1) Remove all non excel data from the file systems.
File Count : 100,300 -> 30,000
2) Remove all files containing specific keywords in the filename I did not need.
File Count : 30,000 -> 23,000
3) Remove all files that do not match a specific pattern in the template. This is the most expensive operation as each file needed to be opened (via python) and checked for specific row and column values. I also had an issue with Windows 10 because the file paths exceeded 260 characters in most cases.

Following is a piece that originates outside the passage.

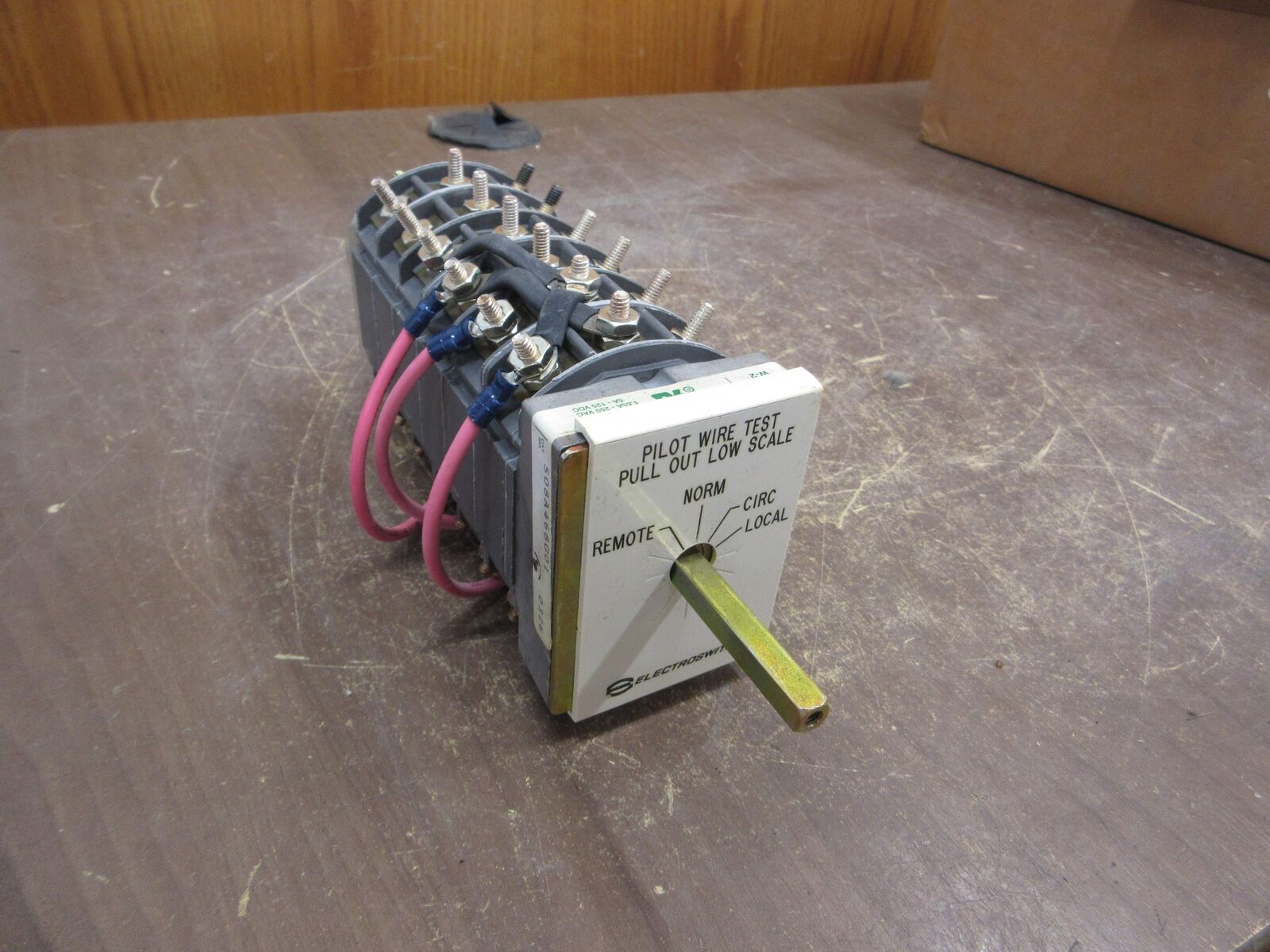 Elecroswitch Rotary Switch 508A468G01 Pilot Wire Test Pullout Low Scale *No Hand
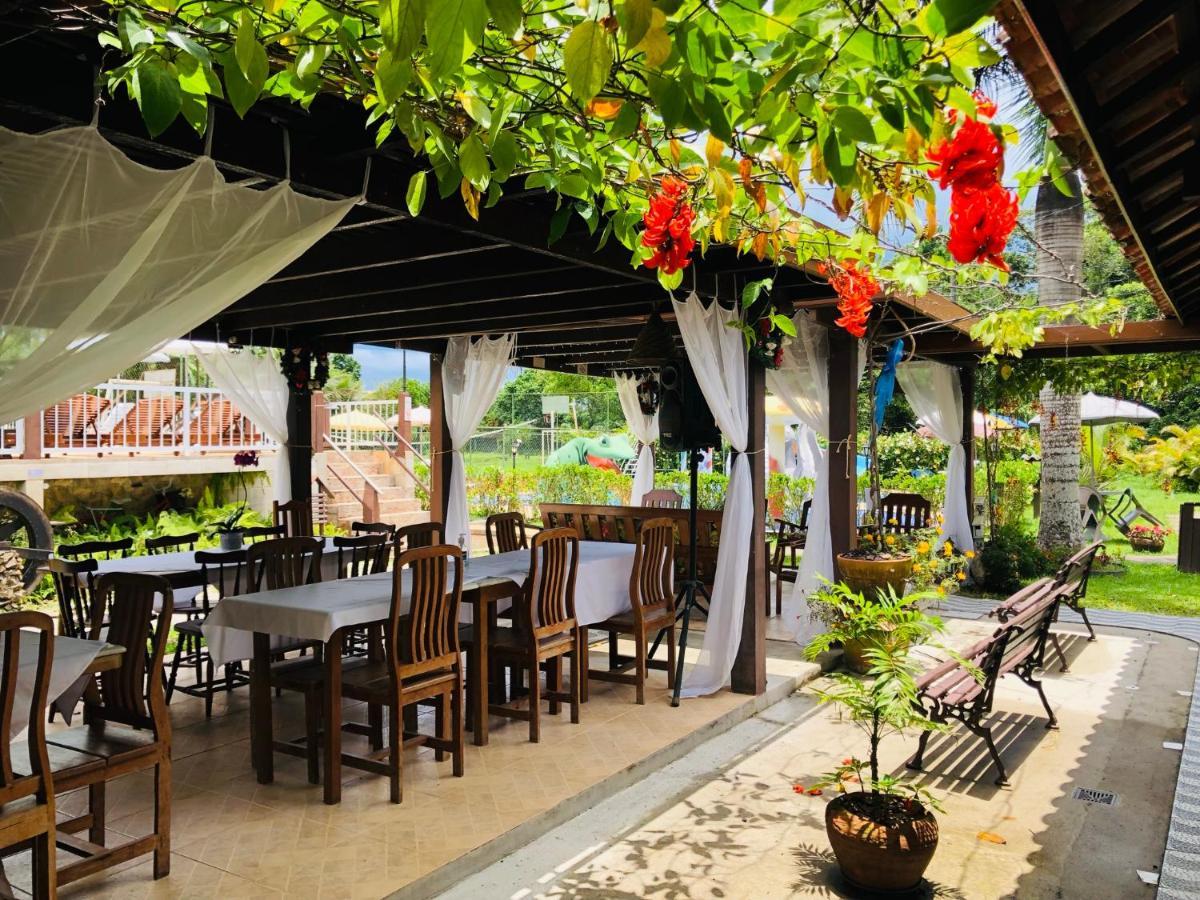 Hotel Bosques Do Massaguacu คารากัวตาตูบา ภายนอก รูปภาพ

To resolve this conflict, I put everything on an external drive and transferred the files to a Linux VM.
File Count : 23,000 -> ~1000
4) At this point I can extract data using a similar method to the one above, there are multiple excel templates so step 3 will need to be repeated again.
File Count : 1000 -> ?
*This worked for me and I abstracted the logic so it isn't tied to my data set. I will post the code on GitHub (repo: Anacell) once the project is done and I removed all proprietary information.
**I also wanted to mention that there were a few inaccuracies in my initial question. As the years progressed data became more structured and formatted with templates. While there are multiple undocumented templates it was easier to take advantage of them (once found) than if nothing was structured.